··· RECORDED INFORMATION ···
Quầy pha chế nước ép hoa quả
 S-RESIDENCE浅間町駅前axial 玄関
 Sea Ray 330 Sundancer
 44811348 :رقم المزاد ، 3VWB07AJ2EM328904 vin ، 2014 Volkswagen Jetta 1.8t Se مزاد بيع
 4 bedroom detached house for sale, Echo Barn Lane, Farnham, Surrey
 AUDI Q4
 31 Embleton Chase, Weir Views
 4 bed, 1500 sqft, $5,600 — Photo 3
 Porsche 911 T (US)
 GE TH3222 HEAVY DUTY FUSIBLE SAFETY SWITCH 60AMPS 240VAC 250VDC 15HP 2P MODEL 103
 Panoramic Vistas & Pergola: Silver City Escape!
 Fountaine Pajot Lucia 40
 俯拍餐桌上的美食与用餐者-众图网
···
Could you print exactly the lines from the one containing "44811348 :رقم المزاد" through the last line of the records above?

 44811348 :رقم المزاد ، 3VWB07AJ2EM328904 vin ، 2014 Volkswagen Jetta 1.8t Se مزاد بيع
 4 bedroom detached house for sale, Echo Barn Lane, Farnham, Surrey
 AUDI Q4
 31 Embleton Chase, Weir Views
 4 bed, 1500 sqft, $5,600 — Photo 3
 Porsche 911 T (US)
 GE TH3222 HEAVY DUTY FUSIBLE SAFETY SWITCH 60AMPS 240VAC 250VDC 15HP 2P MODEL 103
 Panoramic Vistas & Pergola: Silver City Escape!
 Fountaine Pajot Lucia 40
 俯拍餐桌上的美食与用餐者-众图网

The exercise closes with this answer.